(EXERCISE) Return nothing but the lines from the one with "Ceylon Satin Stitch" through the one with "Mittelecke 85 x" in the data below, word for word and without pictures.

(AVAILABLE DATA)

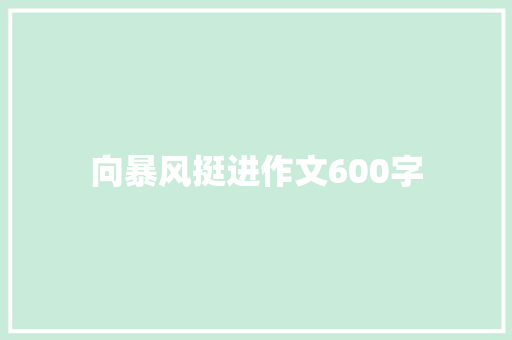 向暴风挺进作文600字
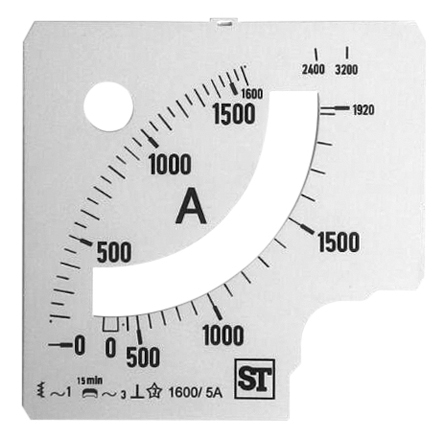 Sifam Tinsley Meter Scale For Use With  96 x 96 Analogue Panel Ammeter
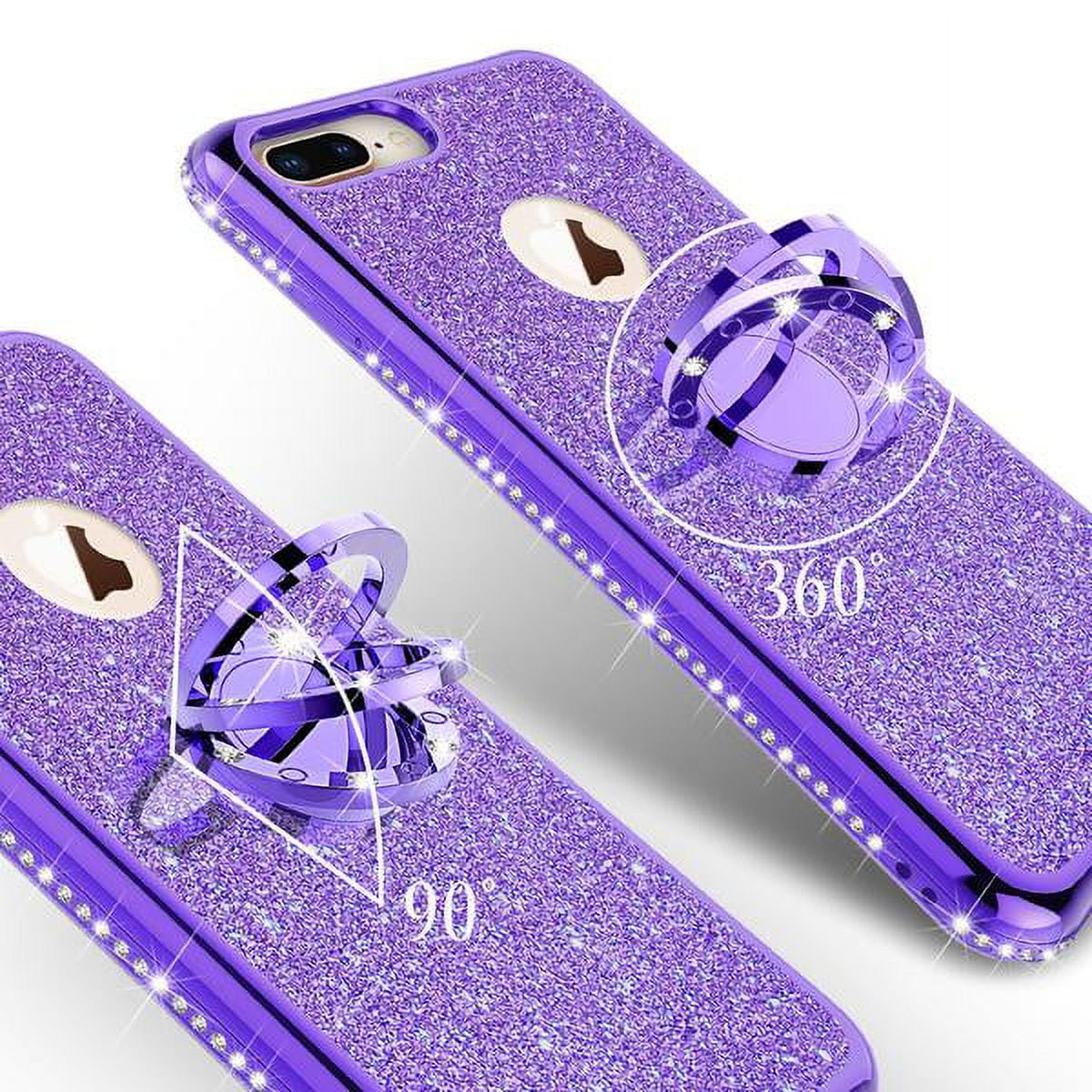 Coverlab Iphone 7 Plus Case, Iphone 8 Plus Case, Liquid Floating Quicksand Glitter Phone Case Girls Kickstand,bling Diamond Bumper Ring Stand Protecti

==

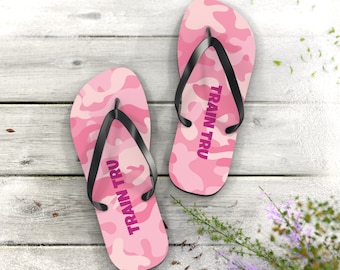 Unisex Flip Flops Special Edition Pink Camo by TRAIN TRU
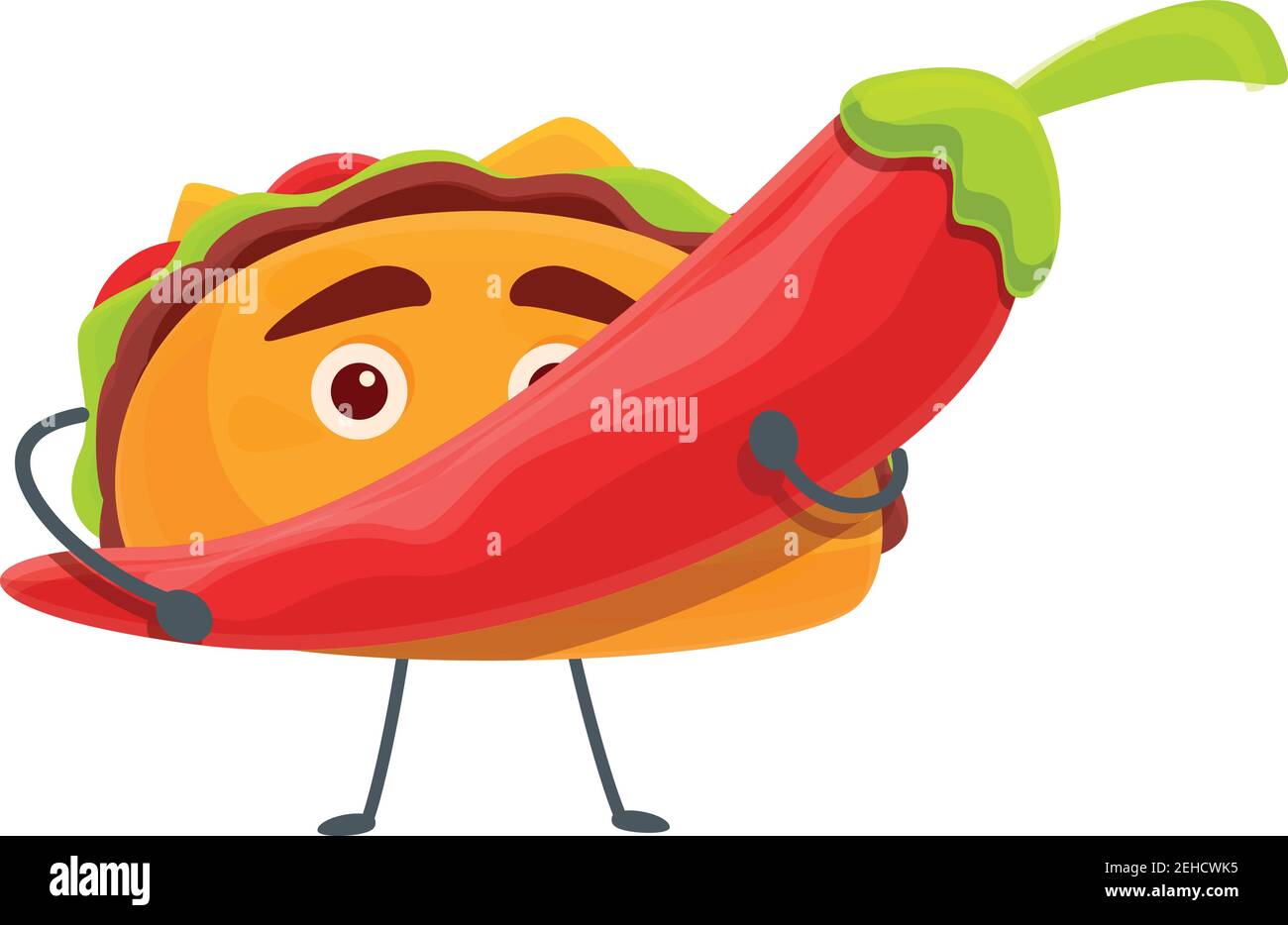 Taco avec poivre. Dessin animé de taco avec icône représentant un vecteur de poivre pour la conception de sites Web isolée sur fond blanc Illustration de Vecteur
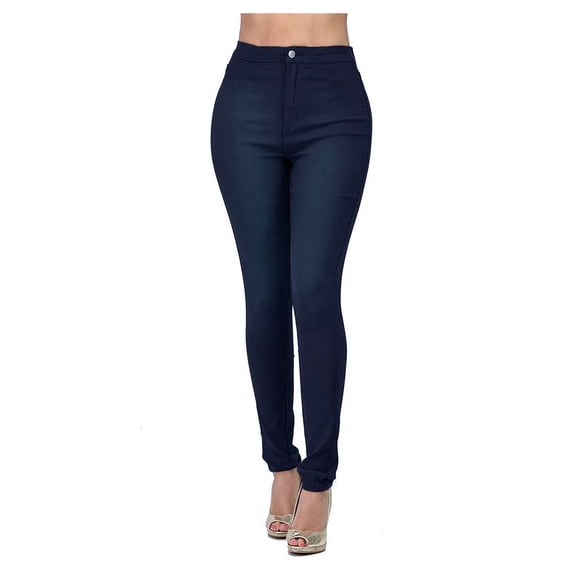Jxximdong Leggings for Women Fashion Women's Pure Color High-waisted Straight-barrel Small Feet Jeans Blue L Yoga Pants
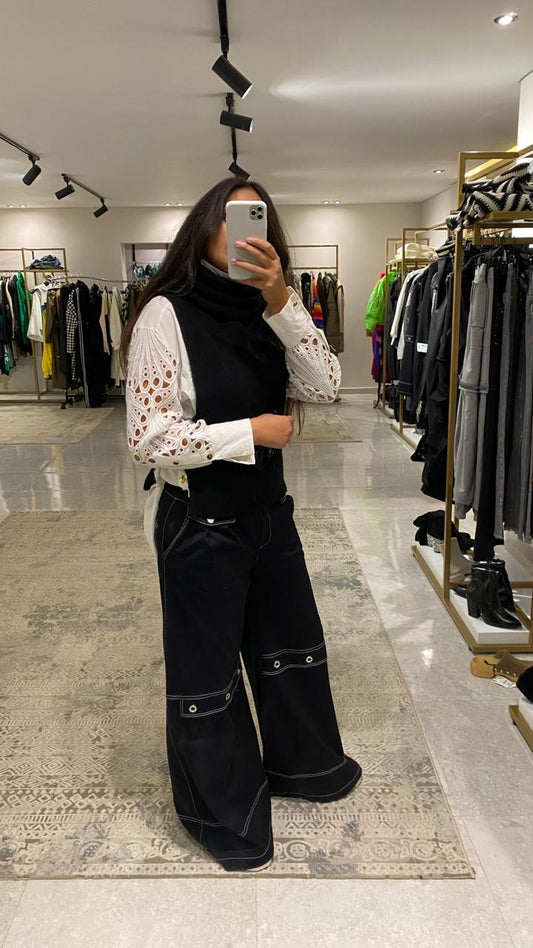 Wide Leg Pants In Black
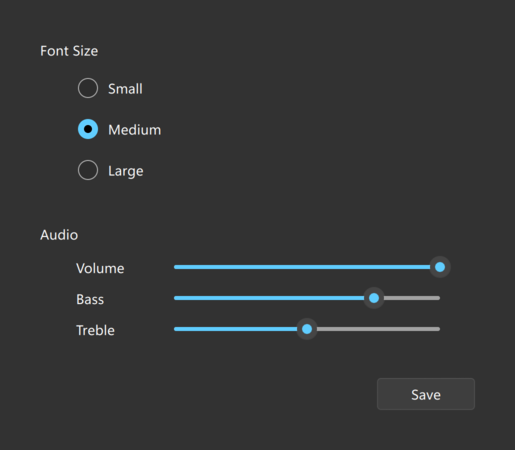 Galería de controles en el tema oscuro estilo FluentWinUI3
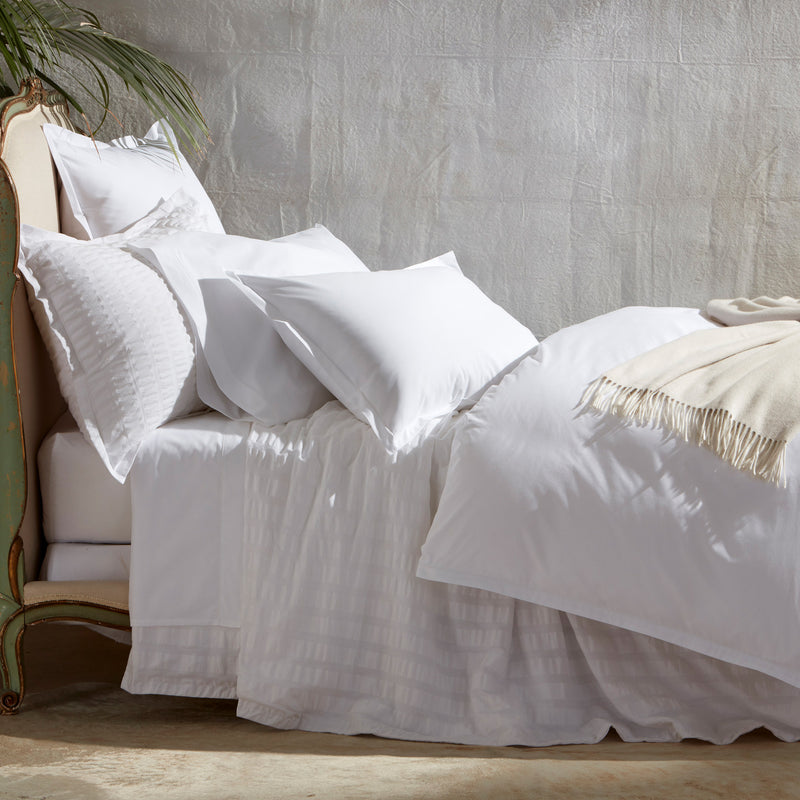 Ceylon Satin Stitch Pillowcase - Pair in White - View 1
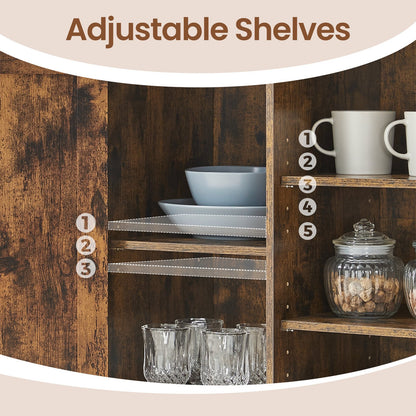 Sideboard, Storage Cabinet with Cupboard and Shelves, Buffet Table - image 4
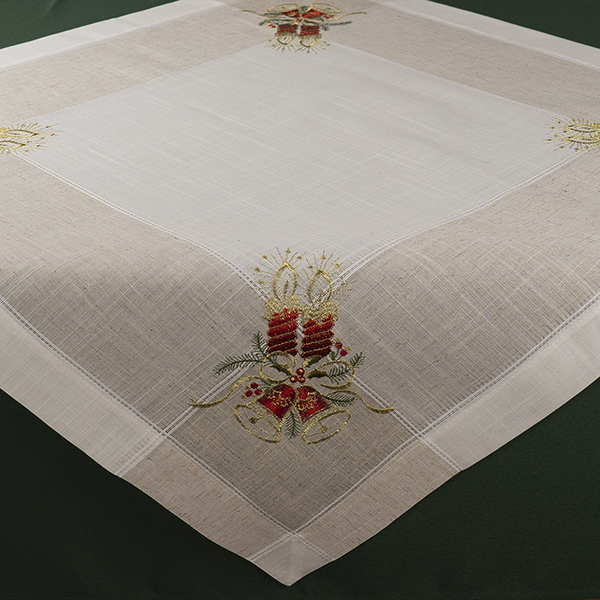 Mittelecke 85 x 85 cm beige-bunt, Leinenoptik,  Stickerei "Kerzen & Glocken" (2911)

(RESPONSE TO THIS TASK)
 Ceylon Satin Stitch Pillowcase - Pair in White - View 1
 Sideboard, Storage Cabinet with Cupboard and Shelves, Buffet Table - image 4
 Mittelecke 85 x 85 cm beige-bunt, Leinenoptik,  Stickerei "Kerzen & Glocken" (2911)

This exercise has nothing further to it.